Google has begun warning some users of its Gmail service that their accounts may have been targets of “state-sponsored attacks.” An announcement on Google’s Online Security blog doesn’t detail who the Internet giant suspects of ordering the attacks on the popular email service, but several Gmail users in China reported receiving warning messages, including employees at dissident artist Ai Weiwei’s studio, McClatchy Newspapers’ Beijing bureau chief Tom Lasseter and TIME Beijing reporter Chengcheng Jiang. Eric Grosse, a Google vice president of security engineering, wrote that the company “can’t go into the details without giving away information that would be helpful to these bad actors, but our detailed analysis — as well as victim reports — strongly suggest the involvement of states or groups that are state-sponsored.”
The announcement comes just days after Google announced a new feature for users in China that highlights sensitive search terms that could cause their connection to be disrupted. While the tool doesn’t explicitly spell out that the disruptions are due to China’s system of online censorship, the implications weren’t lost on Chinese Internet users.
Google’s new warning of “state-sponsored attacks” echoes claims it made in 2010, when it cited attacks on the email accounts of human rights activists in China as one of the reasons it was dropping its policy of complying with Chinese censorship demands. Those attacks, however, were aimed at Google’s infrastructure, while the latest effort appears to be phishing or malware schemes designed to steal users’ passwords. “These warnings are not being shown because Google’s internal systems have been compromised or because of a particular attack,” Grosse wrote.

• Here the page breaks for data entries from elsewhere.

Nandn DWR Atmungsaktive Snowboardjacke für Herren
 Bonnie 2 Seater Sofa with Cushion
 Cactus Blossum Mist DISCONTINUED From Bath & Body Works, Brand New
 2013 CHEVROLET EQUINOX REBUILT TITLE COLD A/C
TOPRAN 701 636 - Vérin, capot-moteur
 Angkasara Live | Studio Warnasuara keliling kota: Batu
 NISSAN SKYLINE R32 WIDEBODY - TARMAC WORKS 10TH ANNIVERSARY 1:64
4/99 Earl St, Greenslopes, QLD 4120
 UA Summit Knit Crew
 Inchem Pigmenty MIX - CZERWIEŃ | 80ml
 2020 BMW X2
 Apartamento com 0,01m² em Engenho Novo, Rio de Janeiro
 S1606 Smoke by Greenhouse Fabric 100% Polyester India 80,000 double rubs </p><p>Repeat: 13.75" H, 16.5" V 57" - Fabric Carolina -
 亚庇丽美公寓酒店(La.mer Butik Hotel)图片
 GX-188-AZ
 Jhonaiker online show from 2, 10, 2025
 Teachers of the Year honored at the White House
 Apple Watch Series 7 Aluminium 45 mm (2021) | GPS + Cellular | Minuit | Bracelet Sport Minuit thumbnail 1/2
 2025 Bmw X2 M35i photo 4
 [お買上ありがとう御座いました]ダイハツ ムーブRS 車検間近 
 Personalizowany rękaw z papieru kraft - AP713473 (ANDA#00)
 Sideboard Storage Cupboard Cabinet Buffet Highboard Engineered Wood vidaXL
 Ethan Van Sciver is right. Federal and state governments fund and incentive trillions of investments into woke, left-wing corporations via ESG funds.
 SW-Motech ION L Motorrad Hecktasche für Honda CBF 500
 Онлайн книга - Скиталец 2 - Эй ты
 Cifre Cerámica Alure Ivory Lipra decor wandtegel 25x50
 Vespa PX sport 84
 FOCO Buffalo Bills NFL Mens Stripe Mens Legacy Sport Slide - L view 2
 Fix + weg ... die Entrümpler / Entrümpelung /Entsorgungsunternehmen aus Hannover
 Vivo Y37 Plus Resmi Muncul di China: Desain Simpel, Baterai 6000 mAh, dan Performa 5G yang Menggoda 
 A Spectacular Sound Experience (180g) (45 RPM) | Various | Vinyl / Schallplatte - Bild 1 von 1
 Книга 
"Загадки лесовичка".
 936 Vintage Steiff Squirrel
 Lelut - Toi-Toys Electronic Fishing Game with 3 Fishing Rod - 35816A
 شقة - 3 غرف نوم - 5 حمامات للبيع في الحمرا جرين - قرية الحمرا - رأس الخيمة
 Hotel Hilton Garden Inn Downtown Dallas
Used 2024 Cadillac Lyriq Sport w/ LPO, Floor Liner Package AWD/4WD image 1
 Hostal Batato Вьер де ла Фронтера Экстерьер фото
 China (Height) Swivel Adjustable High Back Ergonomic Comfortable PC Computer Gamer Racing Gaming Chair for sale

While Google did not single out China in the warnings, the company’s latest move will likely further undermine its relations with the Chinese government. Following its 2010 decision to stop censoring results according to Chinese demands, Google has seen its share of the Chinese Internet search market decline significantly. Searches through Google.cn are now difficult because a huge list of sensitive words can trigger disrupted connections. Baidu, a domestic Chinese Internet giant, censors its own search engine, so while users may not see some results, their connection is far less likely to be interrupted by the Great Firewall. It now holds a dominant share of the Chinese search market, earning revenues last year of $2.3 billion, an increase of 83.2% from the previous year.